He has been the best at what he does for a quarter of a century, a man who has transformed his discipline. Because darts hasn't always been like this, a riot of booze and fancy dress, every night a giant stag and hen do combined.

"When I first started doing exhibitions," says Taylor, who is odds-on favourite to win his 17th world title in the Professional Darts Corporation (PDC) version of the event, which gets under way on Friday, "you'd have 20 people down the pub. If you were lucky.

"If we went to America for a tournament, we'd have to get to the final just to get our money back. We'd go down the butchers and buy a loaf of bread, some butter, some boiled ham and some bags of crisps for dinner.

"But when we played in Sheffield this year there were 16,000 in the arena. I was looking out at all these people and thinking: 'Now I know what it feels like for these pop stars.' My grandkids tell me: 'Darts is trendy now, granddad.'"

Taylor's capacity for regeneration is such that he should ditch "The Power" and start calling himself "The Time Lord". Having taken up darts in 1986, turned pro in 1988 and won his first world title (the British Darts Organisation version) in 1990, Taylor has done battle with and seen off several generations of throwers.

As the late, great darts commentator Sid Waddell memorably put it: "If we'd had Phil Taylor at Hastings, the Normans would have gone home."

First there was the Eric Bristow-John Lowe-Jocky Wilson triumvirate which was in the vanguard of the sport in its 1980s boom years. Bristow, Taylor's mentor, won the last of his five world titles in 1986 and packed the game up professionally at the age of 43 in 2000.

"It seems like another lifetime," says Taylor. "I used to watch the likes of Eric and 'Lowey' and think: 'I'll be different to that lot.' I didn't do the drinking and I was more dedicated."

Next was Taylor's rivalry with Dennis Priestley in the early years of the PDC circuit, following the sport's great schism in 1993. The pair went toe-to-toe in five finals, Taylor winning four of them.

There followed rivalries with John Part, Raymond van Barneveld, Adrian Lewis and latterly Michael van Gerwen, the 24-year-old from the Netherlands whom Taylor beat in the final of the 2013 PDC World Championship.
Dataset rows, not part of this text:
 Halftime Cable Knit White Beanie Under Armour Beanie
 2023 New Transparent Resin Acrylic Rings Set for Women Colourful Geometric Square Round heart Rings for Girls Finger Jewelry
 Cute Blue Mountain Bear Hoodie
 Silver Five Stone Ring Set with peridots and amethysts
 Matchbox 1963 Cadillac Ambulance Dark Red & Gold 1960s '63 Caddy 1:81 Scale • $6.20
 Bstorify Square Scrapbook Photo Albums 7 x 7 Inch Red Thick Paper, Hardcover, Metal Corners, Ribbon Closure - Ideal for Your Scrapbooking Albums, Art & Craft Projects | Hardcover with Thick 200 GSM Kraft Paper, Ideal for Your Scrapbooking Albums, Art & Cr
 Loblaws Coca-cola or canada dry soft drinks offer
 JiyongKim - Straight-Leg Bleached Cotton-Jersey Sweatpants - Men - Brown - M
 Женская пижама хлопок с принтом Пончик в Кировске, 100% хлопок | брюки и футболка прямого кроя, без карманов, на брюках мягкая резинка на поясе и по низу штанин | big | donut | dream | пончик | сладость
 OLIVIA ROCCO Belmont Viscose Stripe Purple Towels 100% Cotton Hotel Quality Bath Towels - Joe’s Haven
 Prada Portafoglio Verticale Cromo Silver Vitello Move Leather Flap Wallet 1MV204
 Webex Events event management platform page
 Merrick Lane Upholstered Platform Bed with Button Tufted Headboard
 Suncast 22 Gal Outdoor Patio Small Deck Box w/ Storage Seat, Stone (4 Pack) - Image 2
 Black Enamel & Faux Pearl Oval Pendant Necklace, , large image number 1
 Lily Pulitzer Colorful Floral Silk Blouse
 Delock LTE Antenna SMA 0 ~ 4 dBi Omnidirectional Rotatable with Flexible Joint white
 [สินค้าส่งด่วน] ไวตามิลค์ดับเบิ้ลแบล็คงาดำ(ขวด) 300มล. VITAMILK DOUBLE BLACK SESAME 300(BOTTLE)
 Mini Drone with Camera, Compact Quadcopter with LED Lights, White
"I can still see things they're doing wrong," says Taylor, a sly grin appearing on his face. "But I'll not tell them." Although Taylor does suggest many of the new breed practise too much.

There have been slumps, but only by Taylor's standards. He was written off by many in 2007, when at one point he failed to hold any of Sky's major televised titles, for the first time since 1994. But he came barrelling back, winning almost everything there was to win the following season.

The doom mongers were at it again in 2012, when he failed to reach the last eight of the PDC World Championship for the first time in his career. But Taylor got sharpening those arrows and has won 11 titles since.

If you want to know the real secret of Taylor's drive and longevity, you have to know something of his formative years in Burslem, Stoke-on-Trent.

"My mum and dad worked in the pottery industry," says Taylor, an only child. "Dad didn't earn a big wage but even if he was really ill he'd go to work. Mum was nuts - you'd get a bucket of water over you if you refused to get out of bed.

"I worked as an engineer before going into ceramics, making insulators. It was my job, so I got it done. But I also had a lot of pride in myself. I remember my boss telling me I'd done this thing wrong - I could have crawled up my own backside. I told him: 'Derek, it will never, ever happen again.' And it didn't.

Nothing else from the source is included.